The Wall Street Journal carries a story this morning about the benefits of homeownership - for poverty-stricken Latin Americans. Turns out that owning their own homes actually gives them a stake in the society and the motivation to take advantage of the liberalized economies:

The Argentine study followed 1,800 squatter families who in 1981 occupied a one-square-mile piece of what they assumed was public land. It had once served as a garbage dump. Through a quirk of the legal system, roughly half of the settlers in the heart of the neighborhood gained title to their properties, while the other half didn't. The researchers found that over the course of two decades, the title holders surpassed those without them in a host of key social indicators, ranging from quality of house construction to educational performance to rates of teenage pregnancy.

...

The investigators concluded that titles improved access to credit only slightly. Banks appeared to have a deeply ingrained reluctance to lend to the poor, in part because of the cost and difficulty of foreclosing in Argentina's legal system. But even without bank loans, they said, landowning families improved their homes substantially by squirreling away cash and doing the work themselves. Architects affiliated with the study concluded that homes on titled lots had sturdier walls and sounder roofs, were more spacious and had better sidewalks.

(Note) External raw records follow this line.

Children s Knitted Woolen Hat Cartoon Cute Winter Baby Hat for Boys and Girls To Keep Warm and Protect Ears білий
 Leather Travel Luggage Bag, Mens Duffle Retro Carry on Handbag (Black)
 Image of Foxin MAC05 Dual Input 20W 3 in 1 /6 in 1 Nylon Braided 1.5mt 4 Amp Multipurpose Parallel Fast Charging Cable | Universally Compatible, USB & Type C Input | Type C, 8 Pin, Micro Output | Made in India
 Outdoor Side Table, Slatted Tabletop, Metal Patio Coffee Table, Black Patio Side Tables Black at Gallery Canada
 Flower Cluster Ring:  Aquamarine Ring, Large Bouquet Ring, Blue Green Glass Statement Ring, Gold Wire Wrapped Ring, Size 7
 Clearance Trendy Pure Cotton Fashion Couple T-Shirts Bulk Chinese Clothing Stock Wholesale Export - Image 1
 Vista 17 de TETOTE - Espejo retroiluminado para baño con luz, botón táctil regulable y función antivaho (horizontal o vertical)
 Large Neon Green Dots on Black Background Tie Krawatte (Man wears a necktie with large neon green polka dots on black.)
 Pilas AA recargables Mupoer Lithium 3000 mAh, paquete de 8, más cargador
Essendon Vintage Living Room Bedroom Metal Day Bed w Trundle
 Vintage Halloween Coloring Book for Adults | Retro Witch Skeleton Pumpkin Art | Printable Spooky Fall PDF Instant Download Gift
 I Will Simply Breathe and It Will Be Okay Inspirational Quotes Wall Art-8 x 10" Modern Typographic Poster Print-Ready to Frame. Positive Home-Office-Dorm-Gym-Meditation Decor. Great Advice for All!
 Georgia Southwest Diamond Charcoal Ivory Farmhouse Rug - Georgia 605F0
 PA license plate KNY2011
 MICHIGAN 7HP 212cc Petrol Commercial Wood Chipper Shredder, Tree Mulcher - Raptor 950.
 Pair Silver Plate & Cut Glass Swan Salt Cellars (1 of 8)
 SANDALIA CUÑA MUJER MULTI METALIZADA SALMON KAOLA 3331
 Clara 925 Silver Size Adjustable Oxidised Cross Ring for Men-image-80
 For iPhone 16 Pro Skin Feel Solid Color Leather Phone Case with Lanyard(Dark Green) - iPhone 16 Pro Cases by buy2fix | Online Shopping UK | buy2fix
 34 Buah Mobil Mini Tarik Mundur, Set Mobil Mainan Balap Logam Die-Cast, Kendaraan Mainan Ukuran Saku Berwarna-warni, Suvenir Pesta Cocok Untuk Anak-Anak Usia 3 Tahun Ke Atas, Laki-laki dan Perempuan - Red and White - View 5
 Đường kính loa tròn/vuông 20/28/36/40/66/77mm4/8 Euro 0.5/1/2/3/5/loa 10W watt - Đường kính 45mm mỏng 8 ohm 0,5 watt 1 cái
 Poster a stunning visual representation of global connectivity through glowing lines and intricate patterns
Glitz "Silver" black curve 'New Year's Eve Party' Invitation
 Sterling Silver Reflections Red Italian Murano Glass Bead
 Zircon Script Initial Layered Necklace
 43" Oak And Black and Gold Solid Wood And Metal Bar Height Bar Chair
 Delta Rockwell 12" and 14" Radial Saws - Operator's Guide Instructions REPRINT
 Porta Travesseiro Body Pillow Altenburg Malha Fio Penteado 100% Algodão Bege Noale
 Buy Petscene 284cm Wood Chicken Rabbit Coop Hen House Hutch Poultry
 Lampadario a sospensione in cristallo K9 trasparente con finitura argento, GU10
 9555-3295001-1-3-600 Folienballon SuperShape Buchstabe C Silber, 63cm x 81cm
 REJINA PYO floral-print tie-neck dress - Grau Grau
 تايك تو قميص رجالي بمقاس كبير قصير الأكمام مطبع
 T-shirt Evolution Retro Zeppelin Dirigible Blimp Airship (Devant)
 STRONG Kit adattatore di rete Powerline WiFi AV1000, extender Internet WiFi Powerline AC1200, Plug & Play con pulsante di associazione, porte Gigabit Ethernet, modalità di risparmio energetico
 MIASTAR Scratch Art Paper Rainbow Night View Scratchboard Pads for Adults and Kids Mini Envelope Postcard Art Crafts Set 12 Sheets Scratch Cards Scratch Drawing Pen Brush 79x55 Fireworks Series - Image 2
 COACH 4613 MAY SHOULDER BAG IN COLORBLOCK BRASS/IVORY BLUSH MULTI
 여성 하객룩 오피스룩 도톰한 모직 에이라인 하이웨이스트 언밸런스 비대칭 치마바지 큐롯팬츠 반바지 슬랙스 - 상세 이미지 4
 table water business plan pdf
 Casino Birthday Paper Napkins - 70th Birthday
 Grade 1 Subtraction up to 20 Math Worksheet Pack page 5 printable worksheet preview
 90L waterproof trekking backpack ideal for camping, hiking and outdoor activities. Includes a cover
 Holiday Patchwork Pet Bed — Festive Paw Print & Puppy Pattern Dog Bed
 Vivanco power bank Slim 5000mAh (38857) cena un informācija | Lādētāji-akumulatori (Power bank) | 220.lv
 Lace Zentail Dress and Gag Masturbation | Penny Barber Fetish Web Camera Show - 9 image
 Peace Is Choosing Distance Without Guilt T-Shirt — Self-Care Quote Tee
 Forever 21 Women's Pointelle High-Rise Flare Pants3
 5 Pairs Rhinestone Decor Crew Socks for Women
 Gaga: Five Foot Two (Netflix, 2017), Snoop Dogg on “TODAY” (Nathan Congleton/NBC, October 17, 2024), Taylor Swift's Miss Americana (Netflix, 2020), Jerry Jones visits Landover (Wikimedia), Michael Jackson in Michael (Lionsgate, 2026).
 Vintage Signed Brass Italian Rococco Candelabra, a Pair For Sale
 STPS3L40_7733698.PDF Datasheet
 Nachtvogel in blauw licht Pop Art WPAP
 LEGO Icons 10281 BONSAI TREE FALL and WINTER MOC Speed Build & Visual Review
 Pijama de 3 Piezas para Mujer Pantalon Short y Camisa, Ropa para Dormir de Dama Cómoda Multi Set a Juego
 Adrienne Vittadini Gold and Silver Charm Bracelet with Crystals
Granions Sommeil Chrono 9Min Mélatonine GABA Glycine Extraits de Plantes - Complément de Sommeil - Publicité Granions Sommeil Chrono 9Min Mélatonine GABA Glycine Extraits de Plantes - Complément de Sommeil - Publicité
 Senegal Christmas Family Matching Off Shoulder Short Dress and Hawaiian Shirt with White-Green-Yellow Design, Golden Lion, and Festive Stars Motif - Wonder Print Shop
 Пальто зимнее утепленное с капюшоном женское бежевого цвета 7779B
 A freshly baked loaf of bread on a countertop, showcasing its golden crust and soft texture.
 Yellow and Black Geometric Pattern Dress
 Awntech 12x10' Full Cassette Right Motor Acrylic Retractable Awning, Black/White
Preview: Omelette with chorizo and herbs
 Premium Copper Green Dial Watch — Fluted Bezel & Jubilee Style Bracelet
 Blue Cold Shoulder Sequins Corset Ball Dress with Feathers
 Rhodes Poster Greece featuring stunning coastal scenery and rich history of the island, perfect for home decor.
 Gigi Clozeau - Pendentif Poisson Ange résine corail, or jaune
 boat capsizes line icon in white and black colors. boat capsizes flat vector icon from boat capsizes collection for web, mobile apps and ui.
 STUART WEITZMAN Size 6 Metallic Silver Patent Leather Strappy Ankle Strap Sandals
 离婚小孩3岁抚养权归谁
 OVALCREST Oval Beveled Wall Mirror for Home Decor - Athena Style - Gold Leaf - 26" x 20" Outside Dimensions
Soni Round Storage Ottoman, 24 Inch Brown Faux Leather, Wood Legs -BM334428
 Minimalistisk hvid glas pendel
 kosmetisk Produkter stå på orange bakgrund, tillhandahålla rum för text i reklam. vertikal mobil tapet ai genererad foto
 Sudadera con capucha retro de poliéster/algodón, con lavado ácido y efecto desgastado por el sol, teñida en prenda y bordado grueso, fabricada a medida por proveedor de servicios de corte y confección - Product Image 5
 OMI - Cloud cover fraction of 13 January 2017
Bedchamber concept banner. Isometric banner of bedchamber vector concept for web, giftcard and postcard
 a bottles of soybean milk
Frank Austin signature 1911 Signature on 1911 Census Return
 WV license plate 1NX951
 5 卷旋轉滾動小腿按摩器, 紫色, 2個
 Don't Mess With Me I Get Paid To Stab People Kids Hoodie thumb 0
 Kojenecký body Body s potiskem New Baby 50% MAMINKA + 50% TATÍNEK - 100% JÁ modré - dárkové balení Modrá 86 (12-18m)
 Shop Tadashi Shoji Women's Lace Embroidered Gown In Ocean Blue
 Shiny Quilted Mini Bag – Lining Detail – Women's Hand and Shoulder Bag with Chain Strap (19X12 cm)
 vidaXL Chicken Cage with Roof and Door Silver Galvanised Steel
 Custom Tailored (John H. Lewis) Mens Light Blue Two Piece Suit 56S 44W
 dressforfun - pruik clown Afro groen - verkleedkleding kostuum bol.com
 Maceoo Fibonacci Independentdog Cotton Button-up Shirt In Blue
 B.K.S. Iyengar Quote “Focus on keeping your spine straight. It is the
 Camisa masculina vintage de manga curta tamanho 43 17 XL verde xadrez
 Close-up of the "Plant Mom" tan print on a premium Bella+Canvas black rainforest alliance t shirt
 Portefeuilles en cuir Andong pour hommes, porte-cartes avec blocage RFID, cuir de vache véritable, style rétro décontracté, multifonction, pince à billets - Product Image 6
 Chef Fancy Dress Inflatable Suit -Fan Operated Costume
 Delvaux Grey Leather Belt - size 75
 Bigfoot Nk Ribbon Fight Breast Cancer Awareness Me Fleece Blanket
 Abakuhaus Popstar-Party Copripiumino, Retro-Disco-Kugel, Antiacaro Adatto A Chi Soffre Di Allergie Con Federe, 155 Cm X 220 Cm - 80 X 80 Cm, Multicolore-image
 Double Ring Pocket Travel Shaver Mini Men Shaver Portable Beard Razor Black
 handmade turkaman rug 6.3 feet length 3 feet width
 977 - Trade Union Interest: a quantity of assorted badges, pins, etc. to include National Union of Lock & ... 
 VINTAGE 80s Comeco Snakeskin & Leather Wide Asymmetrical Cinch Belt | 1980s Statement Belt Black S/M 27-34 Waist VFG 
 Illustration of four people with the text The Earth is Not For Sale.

An accompanying study, co-authored by Mr. Di Tella, detected a difference in the attitude of landowners. They were more materialistic and individualistic, and more inclined to say that money was important to happiness, and that individual initiative leads to success.

The researchers found that landownership status seemed to make no difference in employment or income. But it did seem to affect the way residents spent their money, and their aspirations and expectations. The researchers figure that the children of the landowners could eventually earn significantly more than the children of the untitled.

The results aren't exactly counterintuitive, but every once in a while, it helps to be reminded that the system you believe in actually works.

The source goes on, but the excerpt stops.